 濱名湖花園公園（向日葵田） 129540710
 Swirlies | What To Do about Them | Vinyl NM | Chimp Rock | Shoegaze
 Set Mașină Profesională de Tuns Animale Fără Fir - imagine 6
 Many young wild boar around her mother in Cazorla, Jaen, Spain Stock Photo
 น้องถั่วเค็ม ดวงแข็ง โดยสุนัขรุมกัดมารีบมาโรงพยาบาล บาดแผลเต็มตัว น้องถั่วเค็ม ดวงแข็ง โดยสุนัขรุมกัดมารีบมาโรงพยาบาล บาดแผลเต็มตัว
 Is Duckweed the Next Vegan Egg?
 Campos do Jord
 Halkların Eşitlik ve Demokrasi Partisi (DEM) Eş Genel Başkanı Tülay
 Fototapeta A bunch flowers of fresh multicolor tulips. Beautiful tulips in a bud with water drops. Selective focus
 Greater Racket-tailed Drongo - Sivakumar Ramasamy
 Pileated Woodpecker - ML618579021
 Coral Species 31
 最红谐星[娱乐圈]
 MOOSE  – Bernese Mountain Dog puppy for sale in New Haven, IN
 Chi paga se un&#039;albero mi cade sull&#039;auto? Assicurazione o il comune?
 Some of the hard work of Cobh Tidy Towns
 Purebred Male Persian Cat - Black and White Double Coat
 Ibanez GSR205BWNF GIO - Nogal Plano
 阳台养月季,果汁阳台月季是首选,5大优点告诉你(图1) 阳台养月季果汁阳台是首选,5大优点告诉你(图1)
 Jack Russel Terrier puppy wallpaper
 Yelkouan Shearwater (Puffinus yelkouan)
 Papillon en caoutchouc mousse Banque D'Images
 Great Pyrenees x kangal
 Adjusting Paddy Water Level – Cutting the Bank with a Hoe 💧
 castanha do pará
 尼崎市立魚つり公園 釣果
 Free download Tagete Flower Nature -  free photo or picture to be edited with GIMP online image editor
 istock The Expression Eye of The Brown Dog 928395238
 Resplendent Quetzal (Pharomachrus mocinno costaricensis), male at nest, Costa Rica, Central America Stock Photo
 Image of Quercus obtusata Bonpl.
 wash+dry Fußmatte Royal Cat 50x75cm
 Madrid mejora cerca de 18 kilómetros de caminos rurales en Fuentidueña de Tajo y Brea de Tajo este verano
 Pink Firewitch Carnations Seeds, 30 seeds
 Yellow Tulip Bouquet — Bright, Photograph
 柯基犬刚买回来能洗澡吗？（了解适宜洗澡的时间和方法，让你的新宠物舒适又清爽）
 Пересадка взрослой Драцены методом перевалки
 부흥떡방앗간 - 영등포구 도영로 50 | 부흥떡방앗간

□ □ □ □

Problem to work on:
Write out exactly the lines between the start of the entries and the line containing "Many young wild", including that line and the first one.

Response:
 濱名湖花園公園（向日葵田） 129540710
 Swirlies | What To Do about Them | Vinyl NM | Chimp Rock | Shoegaze
 Set Mașină Profesională de Tuns Animale Fără Fir - imagine 6
 Many young wild boar around her mother in Cazorla, Jaen, Spain Stock Photo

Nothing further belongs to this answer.